8. Considérant qu’il y a lieu, dans les circonstances de l’espèce, de mettre à la
charge de l’Etat la somme de 1 000 euros à verser à Me Pochard, avocat de Mme T.S., au titre des dispositions combinées des articles 37 de la loi du 10 juillet 1991 et L. 761-1 du code de justice administrative, sous réserve que Me Pochard renonce à percevoir la somme correspondant à la part contributive de l’Etat à la mission d’aide juridictionnelle qui lui a étéconfiée ;

DECIDE :
Article 1er : L’arrêté en date du 24 avril 2014 par lequel le préfet du Rhône a rejeté la demande de délivrance d’un titre de séjour présentée par Mme T.S. et lui a fait obligation de quitter le territoire français dans le délai de trente jours ainsi que le jugement n° 1406497 du tribunal administratif de Lyon en date du 25 novembre 2014 sont annulés.
Article 2 : Il est enjoint au préfet du Rhône de délivrer une autorisation provisoire de séjour à Mme T.S. dans un délai d’un mois et de procéder au réexamen de sa demande de titre de séjour dans un délai de deux mois à compter de la notification du présent arrêt.

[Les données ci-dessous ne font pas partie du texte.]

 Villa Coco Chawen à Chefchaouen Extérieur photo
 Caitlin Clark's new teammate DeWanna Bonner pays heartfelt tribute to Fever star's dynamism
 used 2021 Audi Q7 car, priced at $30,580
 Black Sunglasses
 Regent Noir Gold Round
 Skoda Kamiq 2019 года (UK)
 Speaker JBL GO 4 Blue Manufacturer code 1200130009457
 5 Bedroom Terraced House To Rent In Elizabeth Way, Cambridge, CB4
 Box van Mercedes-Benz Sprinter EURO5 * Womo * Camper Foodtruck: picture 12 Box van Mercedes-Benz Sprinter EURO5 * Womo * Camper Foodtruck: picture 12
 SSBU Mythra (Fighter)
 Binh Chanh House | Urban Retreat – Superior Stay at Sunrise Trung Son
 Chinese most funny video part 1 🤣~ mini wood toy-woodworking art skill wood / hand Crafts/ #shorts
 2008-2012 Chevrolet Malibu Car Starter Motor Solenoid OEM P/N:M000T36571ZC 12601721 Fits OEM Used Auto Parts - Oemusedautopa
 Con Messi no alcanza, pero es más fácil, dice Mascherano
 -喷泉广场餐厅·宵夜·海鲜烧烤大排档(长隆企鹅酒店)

Article 3  : L’Etat versera à Me Pochard, conseil de Mme T.S., une somme de 1 000 euros au titre de l’article L. 761-1 du code de justice administrative, sous réserve que Me Pochard renonce à percevoir la somme correspondant à la part contributive de l’Etat à l’aide juridictionnelle.
Article 4 : Le surplus des conclusions de Mme T.S. est rejeté.
Article 5  : Le présent arrêt sera notifié à Mme T.S., au ministre de l’intérieur et au préfet du Rhône. Copie en sera adressée au procureur de la République près le tribunal de grande instance de Lyon en application de l’article R. 751-11 du code de justice administrative.

Délibéré après l’audience du 22 septembre 2016 à laquelle siégeaient :
M. Fraisse, président de la cour,
MM. Clot et Bourrachot, présidents de chambre,
Mme Mear et M. Pourny, présidents-assesseurs,
Mmes Dèche et Terrade, premiers conseillers.
Lu en audience publique, le 11 octobre 2016.